Very interesting! Jarvis and Dwight played AAU ball together so i'm sure they're very familiar with each other! I don't even know what to say about Dooling right now tho. He sounds extremely disappointed......looks like he is pretty much as good as gone, but if we could land Critt that would make him a non-factor. I like like Dooling, but business is business.

Picking up Lee, Pietrus, & Crittenton along with someone like Doleac would be solid. I'd be ecstatic with the moves this off season and the team going forward. :gopray:

:smoothcriminal:


----------



## thaKEAF

There's really nothing Orlando has that I'd want for Critt. Maybe Dwight? :wink:


----------



## Blue

^ haha....i'm hearing something like Bogans(expiring) or JJ Redick(expires in '10) and a future 1st.....Critt is by far the most talented of those three, but i guess you guys need to dump a PG somewhere and either want an expiring for cap space or a pure shooter.....we got both. :clown: ....i agree tho, i think Bogans for Critt straight up would be a steal.


----------



## GNG

Memphis was willing to trade Crittenton for a shot at Courtney Lee on draft night, but couldn't get it done.

Something tells me that if they can't get Lee, Crittenton will be staying put. At least as far as Orlando is concerned. There's no way Javaris gets traded for freaking Keith Bogans. :laugh:


----------



## GNG

And LOL at a scrub like Keyon Dooling being offended.


----------



## Blue

Cinco de Mayo said:


> Memphis was willing to trade Crittenton for a shot at Courtney Lee on draft night, but couldn't get it done.
> 
> Something tells me that if they can't get Lee, Crittenton will be staying put. At least as far as Orlando is concerned.
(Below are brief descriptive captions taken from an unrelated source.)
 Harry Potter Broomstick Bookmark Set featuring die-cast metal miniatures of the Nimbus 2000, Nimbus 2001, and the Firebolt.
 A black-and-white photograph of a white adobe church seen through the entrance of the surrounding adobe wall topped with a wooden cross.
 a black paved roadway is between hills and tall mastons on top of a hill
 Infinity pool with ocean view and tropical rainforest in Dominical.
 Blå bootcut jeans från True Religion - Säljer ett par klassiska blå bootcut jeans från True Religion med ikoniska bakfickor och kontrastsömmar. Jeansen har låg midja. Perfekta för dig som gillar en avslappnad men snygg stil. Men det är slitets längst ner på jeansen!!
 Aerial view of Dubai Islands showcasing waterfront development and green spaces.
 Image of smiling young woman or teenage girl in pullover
There's no way Javaris gets traded for freaking Keith Bogans. :laugh:


:lol: ......Well Lee already signed his rookie contract so i dont think he can be traded until december even if we wanted too... :whoknows:


----------



## Duck

JJ Redick for Javaris straight up would be an equal trade off, in my opinion. Neither have really shown what they can do in the pros. I'd really like to see Keith Bogans + 2nd rounder for Javaris though. Placing Crittenton in the backcourt would be ideal for Redick.

As a long time Magic fan, I'd LOVE to see D. Armstrong back in a Magic uni. That'd be great.


----------



## GNG

Duck34234 said:


> JJ Redick for Javaris straight up would be an equal trade off, in my opinion.


:lol:

Crittenton's 20 years old and got dealt midseason last year. Redick was a college _senior_ who's career scoring average is _lower_ than Crittenton's.
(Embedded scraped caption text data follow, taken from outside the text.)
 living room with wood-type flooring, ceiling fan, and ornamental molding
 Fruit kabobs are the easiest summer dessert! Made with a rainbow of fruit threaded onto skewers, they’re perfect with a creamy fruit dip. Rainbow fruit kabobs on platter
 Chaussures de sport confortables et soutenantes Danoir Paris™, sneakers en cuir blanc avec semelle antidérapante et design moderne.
If Magic fans are expecting a team to give up more than a second rounder for Redick, they're going to be bitterly disappointed.


----------



## Duck

Cinco de Mayo said:


> :lol:
> 
> Crittenton's 20 years old and got dealt midseason last year. Redick was a college _senior_ who's career scoring average is _lower_ than Crittenton's.
> 
> If Magic fans are expecting a team to give up more than a second rounder for Redick, they're going to be bitterly disappointed.


As a fan of the Lakers, Magic, and Duke basketball, I can honestly attest to the fact that I've seen both players play. I understand JJ's skills much more than you do, and would appreciate it if you weren't so arrogant. Yeah Javaris has potential, but winning teams care a lot more about skills. I realize that as a grizzlies fan, your organization doesn't really understand that experience.

I hope that Darko Milicic can some day bring you to the promised land. 

Best regards,


----------



## GNG

Duck34234 said:


> As a fan of the Lakers, Magic, and Duke basketball, I can honestly attest to the fact that I've seen both players play. I understand JJ's skills much more than you do, and would appreciate it if you weren't so arrogant. Yeah Javaris has potential, but winning teams care a lot more about skills. I realize that as a grizzlies fan, your organization doesn't really understand that experience.


This is the NBA. 20-year-olds with potential don't get traded for 24-year-old scrubs. 

Understand _that_.

What are Redick's skills exactly? He can kinda shoot when someone creates space for him? Awesome.



> I hope that Darko Milicic can some day bring you to the promised land.
> 
> Best regards,


Nice attempt at baiting. Did Pistons fans tell you the same thing when Orlando gift-wrapped a first-round pick for Milicic and got nothing out of it? Winning organization indeed.


----------



## Blue

Cinco de Mayo said:


> :lol:
> 
> Crittenton's 20 years old and got dealt midseason last year. Redick was a college _senior_ who's career scoring average is _lower_ than Crittenton's.
> 
> If Magic fans are expecting a team to give up more than a second rounder for Redick, they're going to be bitterly disappointed.


Yeah, I agree. JJ for Critt, straight up, would just be highway robbery.......We will have to at least throw them a pick or two.

......A guy claiming to be "in the know" on another magic site posted this earlier today.....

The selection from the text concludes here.